Juba - More than 60 000 people have fled their homes in war-ravaged South Sudan since the rival sides signed a ceasefire earlier this month that has failed to hold, the United Nations said on Tuesday.
Since rebel and government forces signed a truce on May 9, about 46 000 more people have been displaced inside the world's youngest nation, bringing the total since mid-December to over one million, the UN High Commissioner for Refugees said.
Another 20 000 people have fled to neighbouring countries since the truce - bringing that total to around 370 000, it said.
“The number of people fleeing fighting continues to rise,” UNHCR spokesman Adrian Edwards told reporters in Geneva, stressing that the agency saw a risk of further displacement “over the coming weeks.”
Four million people - one third of the South Sudanese population - are at risk of starvation in the young African state, the UN also said.
South Sudan only gained its independence from Sudan three years ago and has been ravaged by a conflict between rebel groups and the government since December 15.
The fighting has left many people unable to farm and cut them off from normal food sources, Edwards said.
The civil war, which started as a personal rivalry between President Salva Kiir and rebel chief Riek Machar, has seen the army and communities divide along ethnic lines, pitting members of Kiir's Dinka tribe against Machar's Nuer.
Fighting broke out hours after the two signed their second ceasefire on May 9, and hostilities have continued unabated, resulting in atrocities against thousands of civilians from both sides.
More than 131 000 South Sudanese refugees - most of them women and children - have made their way to Ethiopia, with an average of 1 000 flooding across the border each day, Edwards said.
Recent arrivals say they have fled fighting in neighbouring Jonglei and Upper Nile states, he said, adding that “those from other areas said they feared imminent attacks or food insecurity.”
The UNHCR has opened three refugee camps in Ethiopia so far this year to host them he said, pointing out that two of them are full, while a third opened just over a week ago is already hosting nearly 6 000 people.
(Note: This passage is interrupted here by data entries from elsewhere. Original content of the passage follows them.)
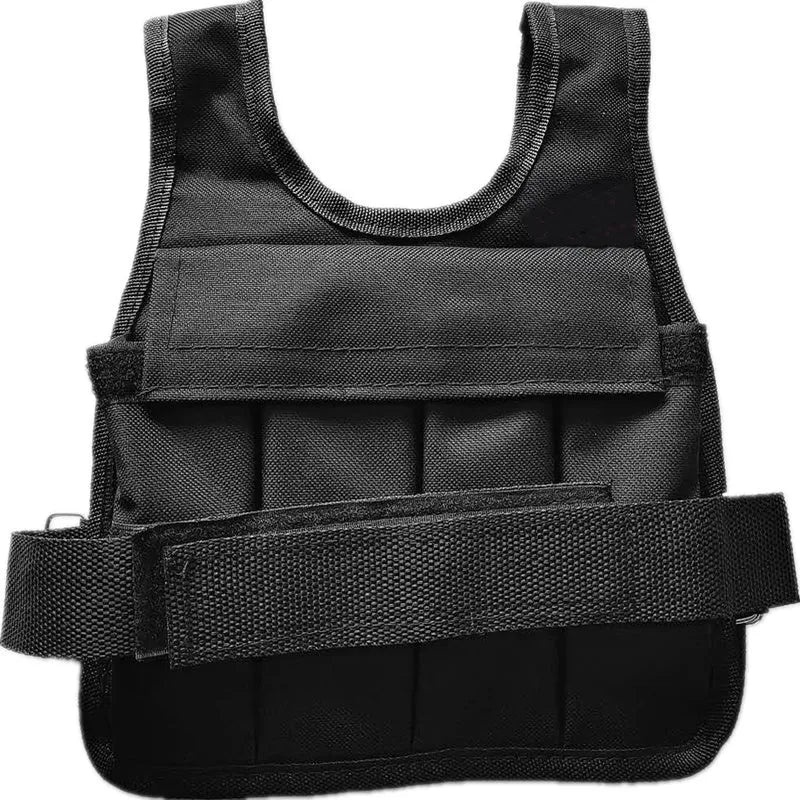 Children's adjustable sand vest with removable weight bags for home fitness training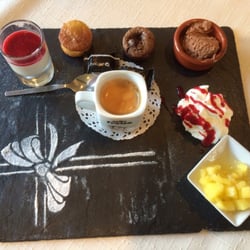 L'Altiport - Exemple de présentation pour un café gourmand.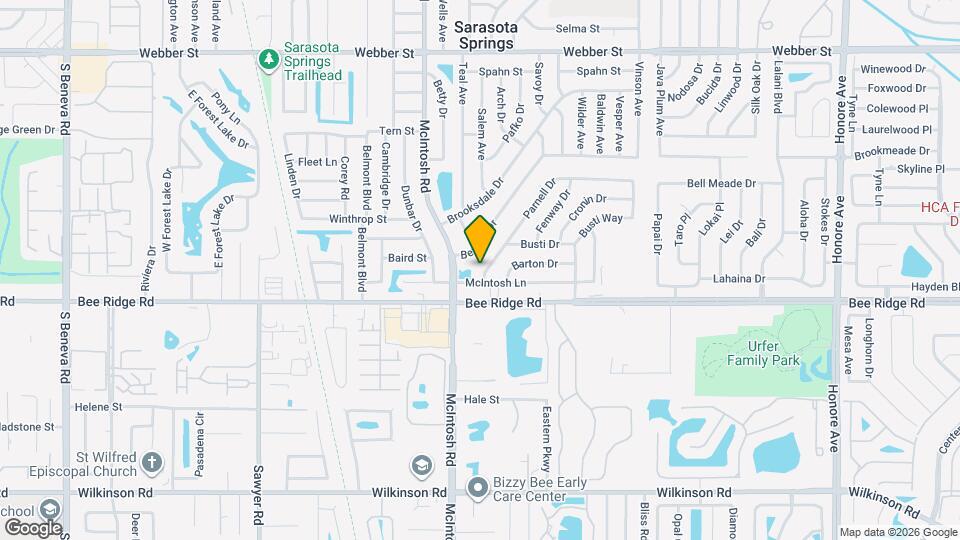 4417 Parnell Dr Map and Location Details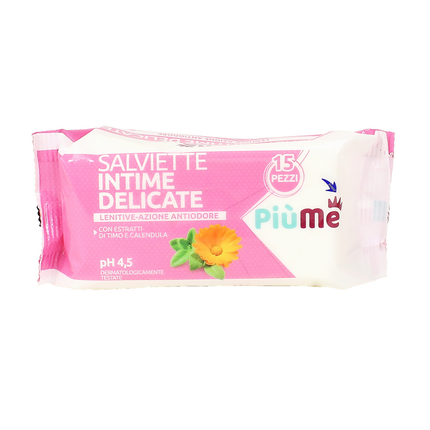 PIUME SALVIETTE INTIME DELICATE TIMO e CALENDULA 15 PZ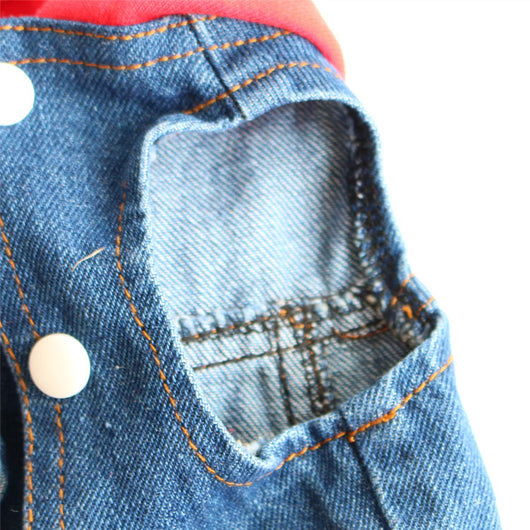 Abrigo Tejido con Capucha para Mascotas - Diseño Denim Primavera - Image 11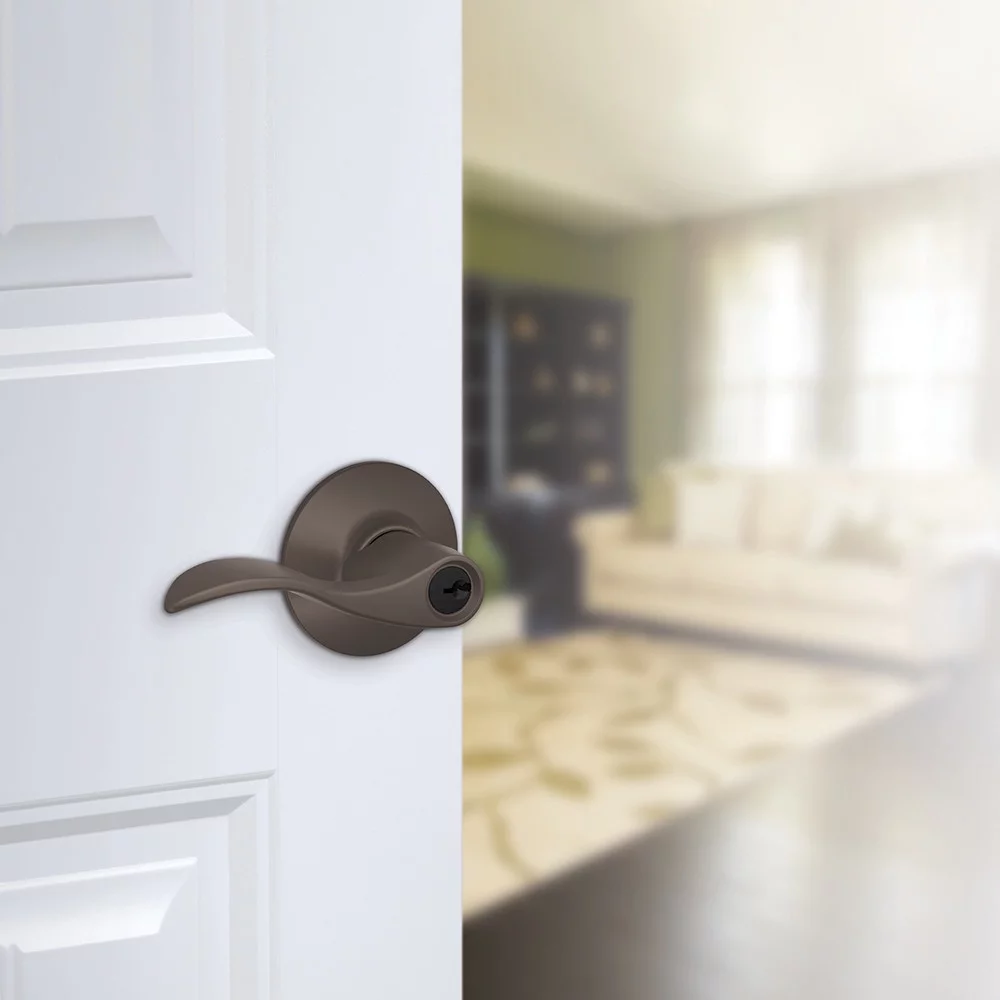Schlage Accent Lever Keyed Entry Lock in Oil Rubbed Bronze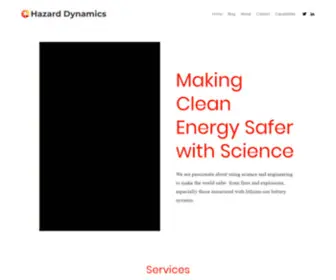 Hazarddynamics.com(Hazard Dynamics) Screenshot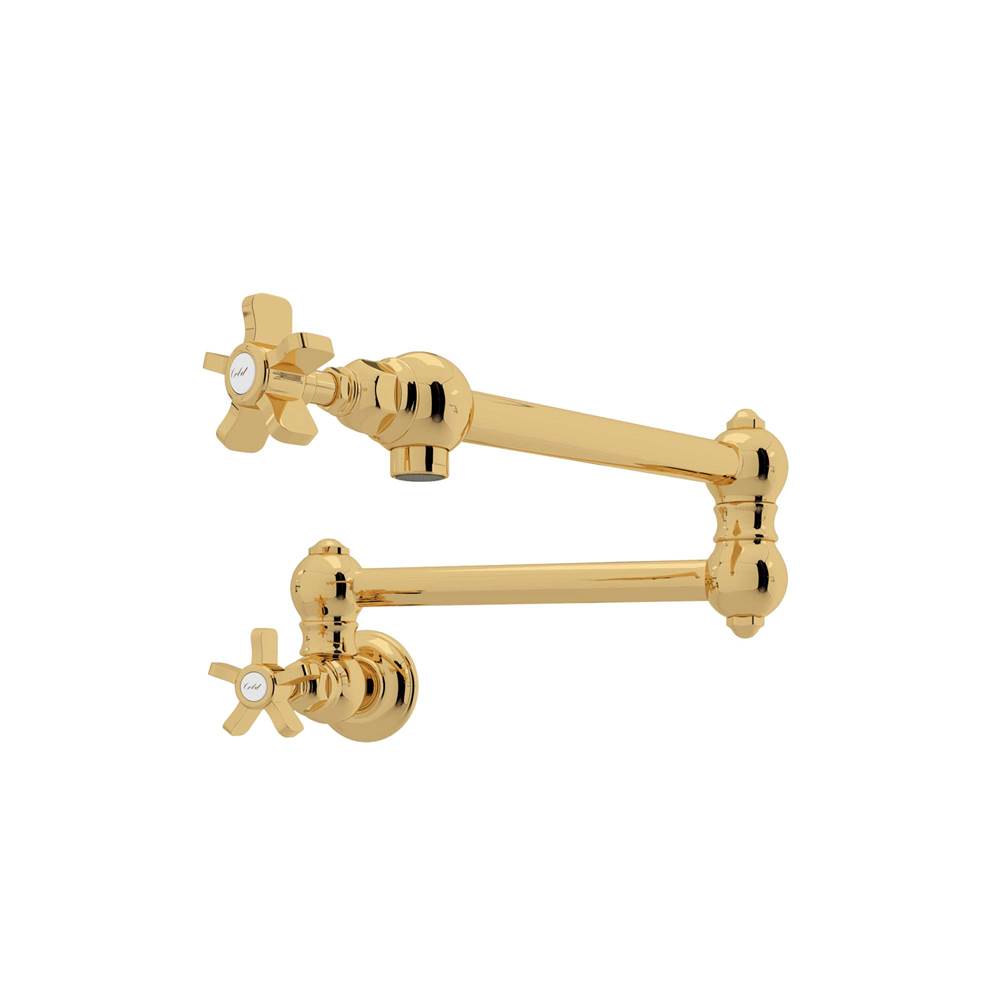 Rohl - Pot Filler - Unlacquered Brass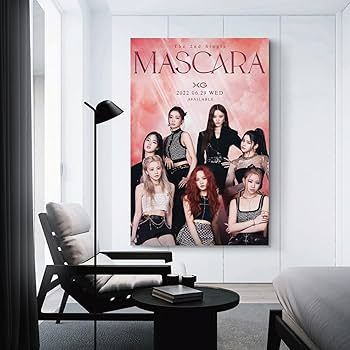 KOREAN XG Mascara ALBUM COVER IDOLES ARTIST HD Print on Canvas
Edwards also voiced concern for about 320 000 refugees from neighbouring Sudan who had sought a haven in South Sudan from the separate conflict in their homeland. He stressed that they were also vulnerable due to the food shortages exacerbated by the fighting in South Sudan.
Last week, international donors in Oslo pledged more than $600 million in aid for South Sudan and the countries hosting its refugees.